I watched Nadja over the last couple of days-- if you don't recall it, this is a vampire movie in the same sense that Dracula: Pages from a Virgin's Diary is a vampire movie-- which is to say it's an art movie first and a vampire movie someehere about ninth. Look, this should settle it for you: Nadja is in black and white and was produced in 1993 by David Lynch. Sound like something you'd like? I'll bet you already know.

For vampire fans there is indeed some wonderful stuff here. At the heart of the film is Elina Lowensohn as Nadja, a vampire in New York. Lowensohn is completely entrancing as the vampire-- sexy but almost unassuming and even innocent in her delivery. She is a sort of slow-talking manic pixie dream girl they build romantic comedies around, except that eventually she is going to kill you. It's a riveting performance; the movie loses some steam anytime she's not onscreen.

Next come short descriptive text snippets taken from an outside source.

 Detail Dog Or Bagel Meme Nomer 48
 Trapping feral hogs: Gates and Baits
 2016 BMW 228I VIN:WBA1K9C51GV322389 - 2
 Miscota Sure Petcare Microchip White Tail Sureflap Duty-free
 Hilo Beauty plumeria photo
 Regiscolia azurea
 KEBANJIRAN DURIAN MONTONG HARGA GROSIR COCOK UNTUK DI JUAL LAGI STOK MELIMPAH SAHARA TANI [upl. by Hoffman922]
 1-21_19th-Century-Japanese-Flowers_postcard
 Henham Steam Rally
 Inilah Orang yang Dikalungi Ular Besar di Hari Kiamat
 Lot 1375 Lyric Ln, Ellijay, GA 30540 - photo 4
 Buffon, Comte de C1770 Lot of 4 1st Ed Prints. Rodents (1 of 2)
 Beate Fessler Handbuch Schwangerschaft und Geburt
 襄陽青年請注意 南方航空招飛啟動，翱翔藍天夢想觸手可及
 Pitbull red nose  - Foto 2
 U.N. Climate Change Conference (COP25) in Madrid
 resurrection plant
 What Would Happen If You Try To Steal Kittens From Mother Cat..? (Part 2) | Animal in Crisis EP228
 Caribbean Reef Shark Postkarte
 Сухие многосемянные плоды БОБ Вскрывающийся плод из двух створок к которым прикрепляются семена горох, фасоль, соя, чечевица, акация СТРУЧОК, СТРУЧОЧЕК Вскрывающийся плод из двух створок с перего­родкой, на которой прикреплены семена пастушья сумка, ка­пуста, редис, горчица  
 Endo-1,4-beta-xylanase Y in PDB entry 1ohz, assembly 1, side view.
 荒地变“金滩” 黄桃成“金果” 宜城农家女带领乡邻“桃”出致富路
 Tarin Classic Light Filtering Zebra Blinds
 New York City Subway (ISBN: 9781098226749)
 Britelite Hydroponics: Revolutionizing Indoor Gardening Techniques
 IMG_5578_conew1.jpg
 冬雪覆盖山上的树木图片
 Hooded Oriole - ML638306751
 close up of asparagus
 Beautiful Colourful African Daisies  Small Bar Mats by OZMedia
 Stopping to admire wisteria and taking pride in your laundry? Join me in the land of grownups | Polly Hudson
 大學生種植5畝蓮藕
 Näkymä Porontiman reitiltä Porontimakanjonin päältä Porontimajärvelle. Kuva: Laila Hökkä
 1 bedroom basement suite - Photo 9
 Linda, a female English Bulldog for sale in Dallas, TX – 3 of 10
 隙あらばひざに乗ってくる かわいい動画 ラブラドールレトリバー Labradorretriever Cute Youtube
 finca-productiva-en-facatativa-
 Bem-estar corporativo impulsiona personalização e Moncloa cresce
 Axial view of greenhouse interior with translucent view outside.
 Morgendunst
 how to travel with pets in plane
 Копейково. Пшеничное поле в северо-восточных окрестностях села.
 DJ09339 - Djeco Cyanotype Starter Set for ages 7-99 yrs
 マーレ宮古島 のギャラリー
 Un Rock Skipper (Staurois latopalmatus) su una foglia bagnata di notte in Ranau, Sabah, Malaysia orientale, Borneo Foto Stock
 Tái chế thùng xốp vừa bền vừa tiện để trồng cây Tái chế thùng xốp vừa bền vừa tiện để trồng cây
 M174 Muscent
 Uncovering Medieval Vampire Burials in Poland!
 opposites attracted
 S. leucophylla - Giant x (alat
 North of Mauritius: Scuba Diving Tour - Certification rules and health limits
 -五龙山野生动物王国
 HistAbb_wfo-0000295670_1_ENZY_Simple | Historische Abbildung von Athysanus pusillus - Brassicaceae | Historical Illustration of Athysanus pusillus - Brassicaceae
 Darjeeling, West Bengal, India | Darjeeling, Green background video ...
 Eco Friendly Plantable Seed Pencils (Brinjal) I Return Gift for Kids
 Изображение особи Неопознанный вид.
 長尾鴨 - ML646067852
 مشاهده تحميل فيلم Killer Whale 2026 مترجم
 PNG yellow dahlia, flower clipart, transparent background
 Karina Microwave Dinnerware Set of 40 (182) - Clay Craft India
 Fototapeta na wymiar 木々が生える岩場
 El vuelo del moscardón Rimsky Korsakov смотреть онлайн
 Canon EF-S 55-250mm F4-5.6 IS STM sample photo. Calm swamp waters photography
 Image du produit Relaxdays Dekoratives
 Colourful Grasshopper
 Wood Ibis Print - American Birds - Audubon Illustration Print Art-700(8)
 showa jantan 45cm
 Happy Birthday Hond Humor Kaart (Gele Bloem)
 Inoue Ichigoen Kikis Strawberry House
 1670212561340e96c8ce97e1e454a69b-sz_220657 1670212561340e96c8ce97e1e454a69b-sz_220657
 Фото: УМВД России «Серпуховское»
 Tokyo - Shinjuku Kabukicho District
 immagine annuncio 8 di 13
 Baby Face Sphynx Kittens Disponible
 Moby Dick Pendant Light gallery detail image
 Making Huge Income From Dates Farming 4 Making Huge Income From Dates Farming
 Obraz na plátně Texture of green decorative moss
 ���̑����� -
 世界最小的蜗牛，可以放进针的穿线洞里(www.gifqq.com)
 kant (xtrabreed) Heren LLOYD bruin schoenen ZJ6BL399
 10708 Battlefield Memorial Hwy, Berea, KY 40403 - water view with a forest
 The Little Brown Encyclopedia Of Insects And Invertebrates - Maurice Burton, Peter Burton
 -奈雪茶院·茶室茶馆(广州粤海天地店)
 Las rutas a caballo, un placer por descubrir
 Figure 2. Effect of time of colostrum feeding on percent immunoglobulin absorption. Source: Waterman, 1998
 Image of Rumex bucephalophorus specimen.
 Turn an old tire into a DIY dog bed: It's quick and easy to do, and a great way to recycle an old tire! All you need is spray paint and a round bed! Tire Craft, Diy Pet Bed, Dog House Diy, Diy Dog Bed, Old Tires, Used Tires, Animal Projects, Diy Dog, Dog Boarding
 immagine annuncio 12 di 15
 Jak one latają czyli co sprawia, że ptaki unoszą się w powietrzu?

Nadja is, in fact, the daughter of Dracula, whom Nadja senses has died and whose death has sent Nadja into paroxysms of existential angst. This is the kind of movie where existential angst involves a lot of dancing to house music and slowly walking through Manhattan to Portishead. The look of the film is mesmerizing; the beauty of black and white sometimes leads me to wonder if a lot of films wouldn't play better this way-- would THE THING be better if you turned off the color? What about HALLOWEEN? Nadja picks up lovely young bride Lucy and falls in love with her, but unfortunately Lucy is already married, and her husband hangs out with an uncle named Van Helsing.

The rest of the cast is playing bonkers material with expert deadpan. Peter Fonda turns in his kookiest performance ever, playing Van Helsing as a thoroughly mad vampire hunter whose slow delivery and matter-of-fact discussion of vampires and the need to hunt him deflect from his own insanity. Between the hunter and the hunted are the young, troubled couple Jim and Lucy, played by Martin Donovan and Galaxy Craze.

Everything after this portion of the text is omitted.